It’s time we stop worrying about everyone else and start worrying about ourselves. If each of us spent half the time we currently spend judging others and used it to work on ourselves and getting our own house in order we would very soon lose the need to judge others. If we could all relax (perhaps take a laxative) and rest in the simple truth that just as there is diversity in nature there is diversity in human beings – and that is OK, it is the way it is supposed to be – we wouldn’t need to spend all our time judging and could put our time to the much better task of loving unconditionally!

When I was completing my undergraduate studies at Wisconsin Lutheran College (a very fine school, by the way) I was exposed for the first time to the notion that judgment can be loving.

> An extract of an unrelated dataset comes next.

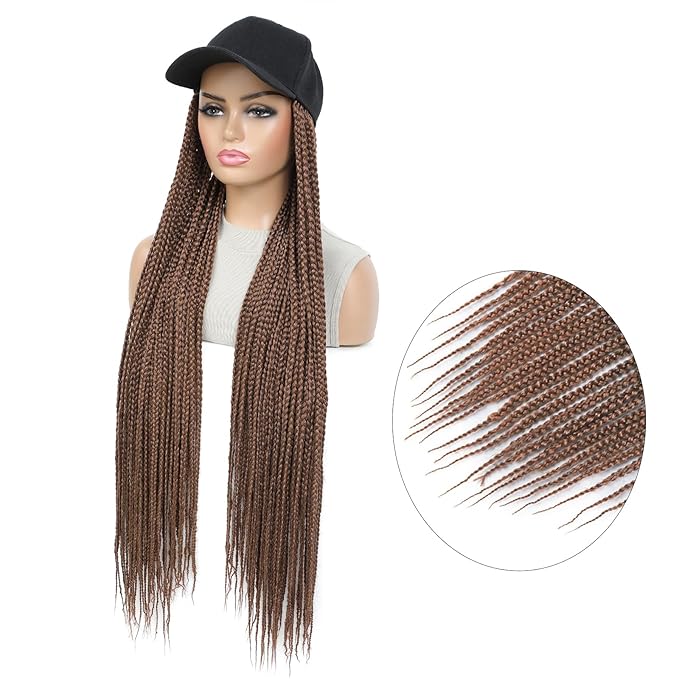 Braided Baseball Cap Wig Box Braid Hair Extensions with Hat brown color Synthetic Cap Wig with 30inch Long Synthetic Braiding Hair for Women (30in-30)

They told me that by excommunicating someone from the church (which means declaring them unwelcome, expelling them, kicking them out) they were actually acting in a loving way because even though their feelings might be hurt the change existed that this action could cause them to repent and fall into line with the behavior and thought control mechanism that is the Wisconsin Evangelical Lutheran Church (WELS). To me that sounds remarkably like the physically abusive parent who is pounding the snot out of their child while announcing, “This hurts me more than it hurts you.” Judgment, and even more so judgment followed by exclusion is never loving and is always abusive.

In truth, every major religion cautions against judging in their scriptures. Christianity’s “Judge not, lest ye be judged” and “Why do you look at the speck of sawdust in someone else’s eye and pay no attention to the plank in your own eye?” need to be ringing in our ears before we even think about judging someone. And, from the Dhammapada, “Do not consider the faults of others or what they have or haven’t done. Consider rather what you yourself have or haven’t done.”

Stop judging and look within – and you will find that your practice of judging isn’t nearly as attractive when you use it on yourself.